Les gestes de la prière représentent et synthétisent les principales étapes du cheminement spirituel, du grand combat intérieur, le combat contre les tendances négatives de l’âme.
Remarquons tout d’abord que l’espace et le temps de la prière sont sacralisés : le tapis à prière est un espace sacré qu’on investit après avoir fait ses ablutions, ses purifications rituelles, et après avoir enlevé ses chaussures. Cela rappelle l’épisode de Prophète Moise, la paix soit sur lui, à qui il fut demandé d’enlever ses 2 sandales avant de continuer sa marche vers le mont Sinaï. Certains soufis ont pu dire qu’enlever ses 2 sandales symbolise le fait de se détacher des préoccupations de ce monde et de l’autre monde, pour ne s’attacher qu’à Dieu exclusivement.
Le premier takbir, « Allahou Akbar », avec le geste qui l’accompagne, symbolise également cette orientation exclusive vers Dieu, le chemin droit (sirat al mustaqim), figuré par la gestuelle des 2 mains qui tracent cette voie. Le chemin droit pointe vers le centre symbolique du monde, mais aussi de notre être intérieur : La Mecque.
Certains fidèles, avant de prononcer le premier takbir, effectuent le geste inverse, leurs 2 mains repoussant ainsi en arrière toute préoccupation et toute intention autre que Dieu.
Notons aussi que la prière se fait les yeux ouverts et que cela a plusieurs significations : tout d’abord, comme l’indiquait René Guénon dans une de ses correspondances, « Le fait de prier les yeux ouverts en islam me parait s’expliquer très naturellement si l’on pense qu’il ne s’agit pas d’un rite dans lequel on doive s’isoler, tout au contraire : la nécessité même de l’orientation vers un centre commun l’indique suffisamment ».
D’autre part, les yeux doivent en principe fixer l’endroit où le fidèle va se prosterner : nous devons essayer d’être toujours focalisés sur cet objectif de la prosternation intérieure, correspondant à une étape essentielle du cheminement.
Au début de la prière, le serviteur se tient debout, face à Son Seigneur. C’est une dualité : Le Seigneur, et le serviteur, qui entame son cheminement spirituel.
Au fur et à mesure du cheminement, l’emprise de l’ego commence à diminuer, par la grâce et par les fruits du grand combat contre l’ego : Le serviteur prend conscience de la Toute Puissance divine et de sa faiblesse.

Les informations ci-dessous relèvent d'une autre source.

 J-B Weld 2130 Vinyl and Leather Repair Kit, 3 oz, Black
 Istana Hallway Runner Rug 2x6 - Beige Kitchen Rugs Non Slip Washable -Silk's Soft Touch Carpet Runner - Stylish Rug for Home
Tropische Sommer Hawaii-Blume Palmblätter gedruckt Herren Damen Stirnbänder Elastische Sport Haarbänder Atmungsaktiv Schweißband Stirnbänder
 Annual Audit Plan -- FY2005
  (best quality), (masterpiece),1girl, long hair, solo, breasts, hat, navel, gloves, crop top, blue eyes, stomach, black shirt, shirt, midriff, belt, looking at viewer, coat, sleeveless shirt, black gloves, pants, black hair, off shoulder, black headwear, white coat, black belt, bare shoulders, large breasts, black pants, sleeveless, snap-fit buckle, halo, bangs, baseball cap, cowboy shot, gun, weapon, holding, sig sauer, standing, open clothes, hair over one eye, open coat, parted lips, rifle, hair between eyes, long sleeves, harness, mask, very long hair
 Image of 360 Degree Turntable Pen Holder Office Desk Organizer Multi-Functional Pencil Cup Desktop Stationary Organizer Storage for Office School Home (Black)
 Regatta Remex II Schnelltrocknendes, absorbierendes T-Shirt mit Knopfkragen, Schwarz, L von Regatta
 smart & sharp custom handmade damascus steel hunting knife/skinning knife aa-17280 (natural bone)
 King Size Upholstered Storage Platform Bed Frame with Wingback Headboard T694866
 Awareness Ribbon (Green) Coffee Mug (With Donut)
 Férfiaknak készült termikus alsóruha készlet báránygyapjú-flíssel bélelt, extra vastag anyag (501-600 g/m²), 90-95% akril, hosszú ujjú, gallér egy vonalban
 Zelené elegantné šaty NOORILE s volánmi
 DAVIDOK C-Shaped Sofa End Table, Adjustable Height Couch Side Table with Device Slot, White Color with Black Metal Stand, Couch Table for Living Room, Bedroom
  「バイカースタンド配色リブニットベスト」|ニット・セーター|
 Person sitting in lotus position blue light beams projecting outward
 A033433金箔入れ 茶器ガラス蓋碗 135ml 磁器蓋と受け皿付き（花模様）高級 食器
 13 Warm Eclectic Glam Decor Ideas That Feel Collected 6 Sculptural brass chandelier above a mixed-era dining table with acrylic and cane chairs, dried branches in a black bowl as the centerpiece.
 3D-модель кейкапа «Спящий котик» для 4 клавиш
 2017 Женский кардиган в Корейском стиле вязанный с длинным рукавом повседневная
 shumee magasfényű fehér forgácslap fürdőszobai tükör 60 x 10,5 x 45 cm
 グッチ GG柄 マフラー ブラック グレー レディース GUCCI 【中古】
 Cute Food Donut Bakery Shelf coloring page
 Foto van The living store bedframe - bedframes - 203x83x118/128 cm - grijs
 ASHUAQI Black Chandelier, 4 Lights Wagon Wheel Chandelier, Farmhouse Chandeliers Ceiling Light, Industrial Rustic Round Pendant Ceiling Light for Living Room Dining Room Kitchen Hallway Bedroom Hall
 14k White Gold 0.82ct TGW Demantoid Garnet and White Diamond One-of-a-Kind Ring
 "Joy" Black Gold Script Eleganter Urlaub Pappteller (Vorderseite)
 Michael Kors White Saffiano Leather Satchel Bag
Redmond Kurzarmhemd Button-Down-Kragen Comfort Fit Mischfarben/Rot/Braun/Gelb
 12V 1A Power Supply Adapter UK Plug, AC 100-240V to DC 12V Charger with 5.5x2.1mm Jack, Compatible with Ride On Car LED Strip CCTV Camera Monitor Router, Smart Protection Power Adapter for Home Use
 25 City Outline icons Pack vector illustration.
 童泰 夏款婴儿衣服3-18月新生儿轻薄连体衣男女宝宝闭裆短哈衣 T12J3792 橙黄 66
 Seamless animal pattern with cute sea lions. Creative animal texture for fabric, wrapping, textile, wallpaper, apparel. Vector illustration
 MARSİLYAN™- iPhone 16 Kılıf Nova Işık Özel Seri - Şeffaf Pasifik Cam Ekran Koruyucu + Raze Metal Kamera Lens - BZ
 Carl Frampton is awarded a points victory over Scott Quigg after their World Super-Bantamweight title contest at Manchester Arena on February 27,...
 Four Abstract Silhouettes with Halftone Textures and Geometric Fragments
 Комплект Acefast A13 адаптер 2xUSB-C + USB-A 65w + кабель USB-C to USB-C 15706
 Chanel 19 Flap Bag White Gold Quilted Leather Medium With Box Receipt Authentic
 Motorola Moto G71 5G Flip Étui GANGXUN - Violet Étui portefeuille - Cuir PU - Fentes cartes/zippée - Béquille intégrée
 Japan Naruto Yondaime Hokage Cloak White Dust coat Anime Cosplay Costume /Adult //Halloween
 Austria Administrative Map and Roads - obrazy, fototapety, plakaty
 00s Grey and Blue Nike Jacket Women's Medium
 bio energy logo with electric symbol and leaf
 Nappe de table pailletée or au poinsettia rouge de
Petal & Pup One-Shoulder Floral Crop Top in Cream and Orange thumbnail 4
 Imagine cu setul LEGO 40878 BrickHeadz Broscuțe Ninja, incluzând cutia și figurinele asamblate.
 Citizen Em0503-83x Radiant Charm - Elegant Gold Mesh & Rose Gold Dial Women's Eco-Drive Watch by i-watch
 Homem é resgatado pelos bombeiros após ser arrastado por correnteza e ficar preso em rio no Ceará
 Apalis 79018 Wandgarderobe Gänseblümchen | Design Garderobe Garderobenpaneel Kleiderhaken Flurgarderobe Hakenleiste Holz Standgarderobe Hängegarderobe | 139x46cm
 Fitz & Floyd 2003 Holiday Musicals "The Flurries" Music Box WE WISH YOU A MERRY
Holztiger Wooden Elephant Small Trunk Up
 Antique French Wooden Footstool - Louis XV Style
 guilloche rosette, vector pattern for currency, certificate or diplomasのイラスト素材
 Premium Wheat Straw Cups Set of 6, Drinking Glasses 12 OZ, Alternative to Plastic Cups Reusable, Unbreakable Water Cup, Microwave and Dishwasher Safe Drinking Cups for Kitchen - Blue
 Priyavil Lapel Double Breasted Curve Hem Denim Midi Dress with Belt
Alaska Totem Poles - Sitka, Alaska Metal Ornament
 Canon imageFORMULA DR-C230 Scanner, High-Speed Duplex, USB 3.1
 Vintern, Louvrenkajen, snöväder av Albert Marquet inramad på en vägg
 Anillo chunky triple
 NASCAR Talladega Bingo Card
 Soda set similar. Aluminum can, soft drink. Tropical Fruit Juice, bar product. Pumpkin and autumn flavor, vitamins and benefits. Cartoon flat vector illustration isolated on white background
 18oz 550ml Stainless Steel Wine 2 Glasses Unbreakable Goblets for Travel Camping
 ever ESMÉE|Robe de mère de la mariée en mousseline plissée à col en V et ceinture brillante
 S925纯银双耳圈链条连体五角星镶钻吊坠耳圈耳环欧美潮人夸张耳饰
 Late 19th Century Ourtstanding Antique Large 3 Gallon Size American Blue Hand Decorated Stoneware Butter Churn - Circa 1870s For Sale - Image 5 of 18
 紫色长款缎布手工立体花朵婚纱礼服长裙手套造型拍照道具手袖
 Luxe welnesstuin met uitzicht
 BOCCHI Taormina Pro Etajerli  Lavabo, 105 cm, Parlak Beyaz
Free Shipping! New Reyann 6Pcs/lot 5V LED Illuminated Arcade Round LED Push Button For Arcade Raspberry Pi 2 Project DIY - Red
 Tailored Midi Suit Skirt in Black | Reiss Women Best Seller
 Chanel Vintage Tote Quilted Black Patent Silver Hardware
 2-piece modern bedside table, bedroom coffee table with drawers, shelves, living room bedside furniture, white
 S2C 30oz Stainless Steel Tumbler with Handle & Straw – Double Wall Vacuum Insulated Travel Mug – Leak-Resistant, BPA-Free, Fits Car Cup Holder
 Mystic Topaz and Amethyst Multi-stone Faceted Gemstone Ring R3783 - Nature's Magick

Cette prise de conscience est symbolisée par le geste de l’inclinaison, ruku’ : l’ego se courbe volontairement devant Dieu.
Vient ensuite la prosternation : l’ego s’efface totalement en Dieu, c’est le symbole de l’extinction, fana. Il n’y a plus qu’UN, la ilaha illa LLah : il n’y a de Réalité que Dieu. Al Junayd, grand Maitre soufi, disait que « le soufisme, c’est lorsque Dieu te fait mourir à toi pour te faire ressusciter en Lui ». De même, certains ahadiths authentifiés mentionnent clairement cette mort initiatique et cette renaissance intérieure : « Mourez avant de mourir ». « Les hommes dorment, lorsqu’ils meurent, ils se réveillent ». « Si vous voulez voir un mort qui marche, alors regardez Abou Bakr » : il s’agit de la mort de l’illusion que les choses existent en étant séparées de Dieu. On perçoit alors l’Unité divine en toute chose, on ne voit plus qu’elle. Notons bien que, lors de cette prosternation, les 2 plantes des pieds sont orientées vers la direction de cette Unité divine.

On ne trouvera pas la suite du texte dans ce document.